Por la barra pasa Mina, una mujer armenia de piel blanca, pelo rubio y ojos claros. Va vestida con vaqueros y una camiseta negra. Tiene dos carreras. En su país era matemática y economista, llevaba más de 20 años trabajando en una empresa de programación. Pero en España se ha dado de bruces contra el suelo. Cuenta que le restan 10 meses para terminar su calvario administrativo y conseguir los papeles, aunque no está segura de que se los vayan a dar.

“Aquí me ayudan, también en Casa Caridad, donde mi hija va a la guardería. Mi marido ha encontrado algo esporádico, pero estamos en una situación muy difícil, quieres trabajar y no puedes —cuenta con un nudo en la garganta—. He estado estudiando 18 años y no puedo utilizar mis conocimientos aquí, es horrible”.

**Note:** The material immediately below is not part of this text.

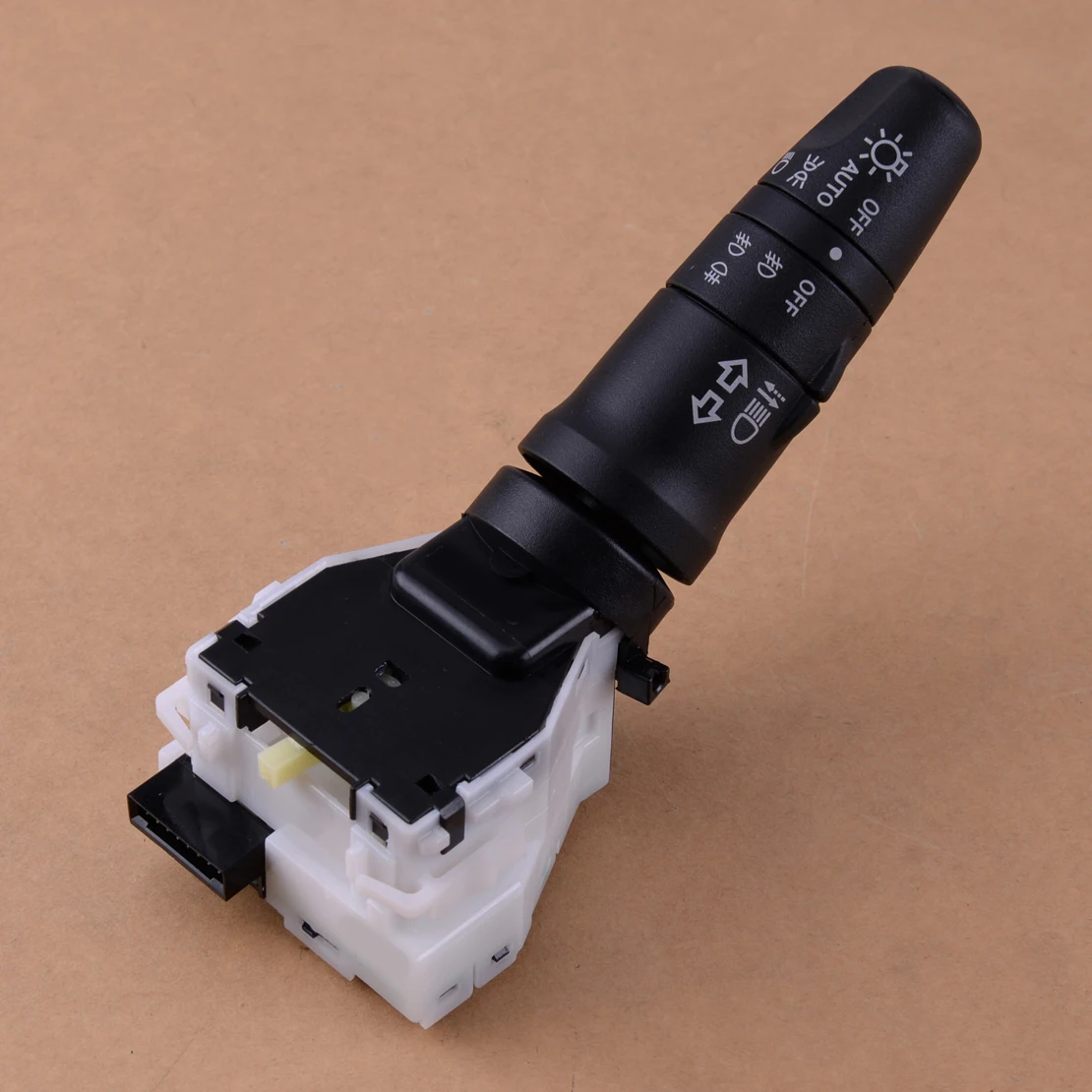 

Car Headlight Turn Signal Fog light Steering Column Switch Fit for Nissan Frontier Xterra 999F1KV000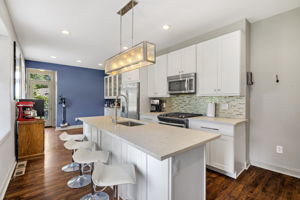 Updated Kitchen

Tras más de dos años con todas las puertas cerradas y una hija nacida en España, Mina busca un precontrato como una tabla salvavidas que le permita acceder a un permiso de trabajo. Pero nadie lo hace, “todo se convierte en un círculo vicioso del que mucha gente no puede salir”. Suspira. “Ahora limpio casas. Me preocupa mucho que mi hija no lo entienda y para mí fue un shock muy grande empezar a trabajar de esto. Por eso a mucha gente que le dan la oportunidad prefiere volver a su país”.

Sonia intercede. “No tires la toalla, que algo cambiará”. Mina sonríe aliviada. “Eso espero…”.